Supplied records:
--------------------------------

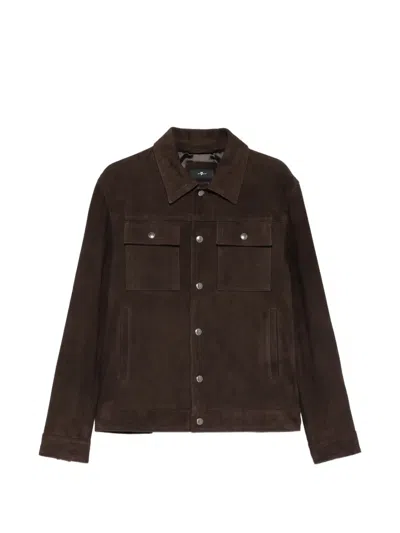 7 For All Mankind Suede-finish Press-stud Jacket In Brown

--------------------------------

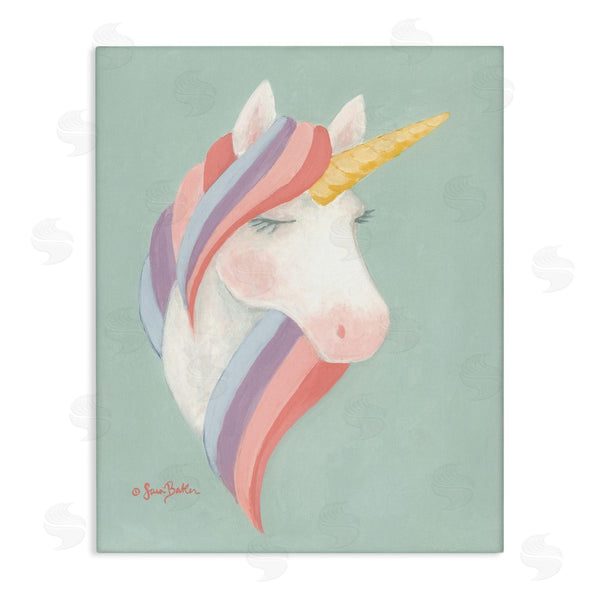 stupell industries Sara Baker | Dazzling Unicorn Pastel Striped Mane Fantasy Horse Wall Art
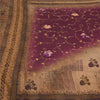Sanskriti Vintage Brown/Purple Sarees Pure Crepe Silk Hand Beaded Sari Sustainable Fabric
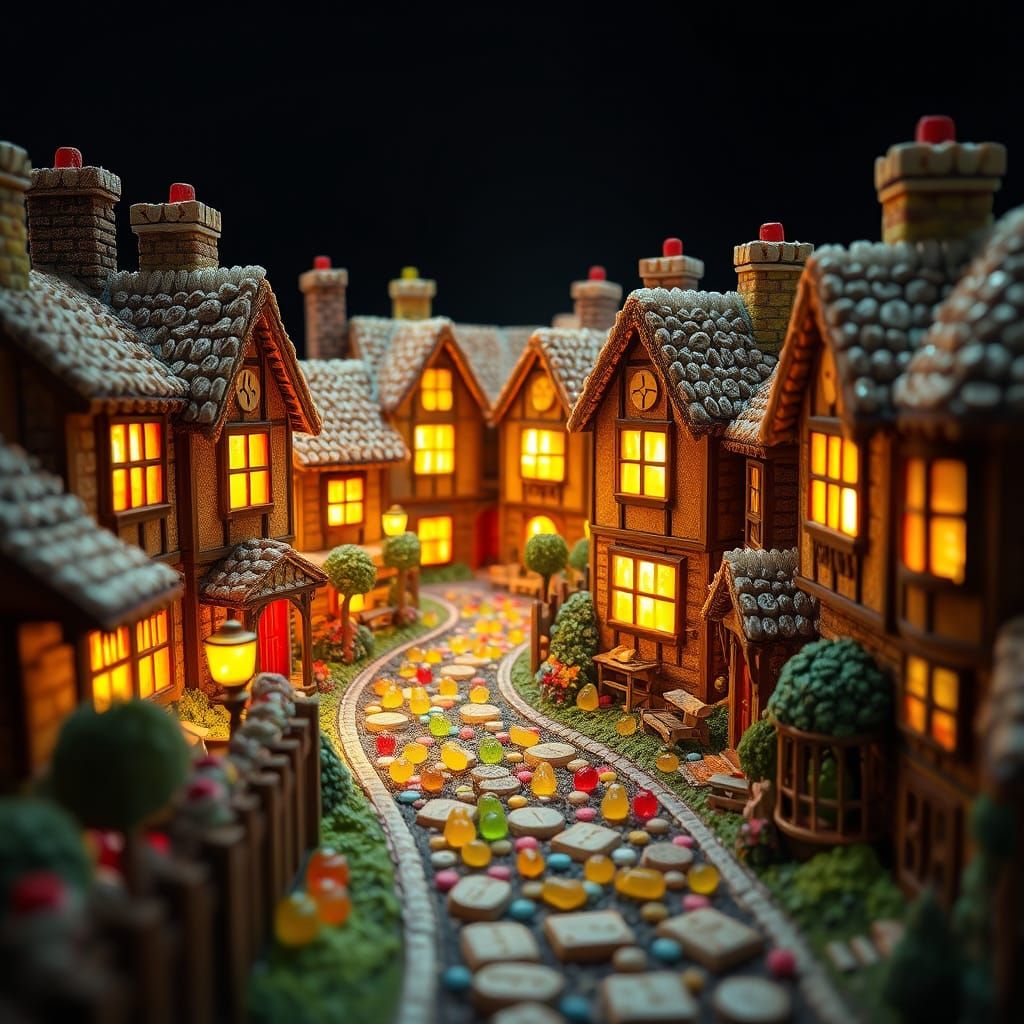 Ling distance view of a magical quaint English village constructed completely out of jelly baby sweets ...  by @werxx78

--------------------------------

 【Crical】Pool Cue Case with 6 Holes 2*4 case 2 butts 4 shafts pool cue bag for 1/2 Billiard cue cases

--------------------------------

What to do: Transcribe the listing above exactly, but only from the line with "stupell industries Sara" through the line with "Ling distance view". Include both of those lines and omit the pictures.

Solved exercise:
 stupell industries Sara Baker | Dazzling Unicorn Pastel Striped Mane Fantasy Horse Wall Art
Sanskriti Vintage Brown/Purple Sarees Pure Crepe Silk Hand Beaded Sari Sustainable Fabric
 Ling distance view of a magical quaint English village constructed completely out of jelly baby sweets ...  by @werxx78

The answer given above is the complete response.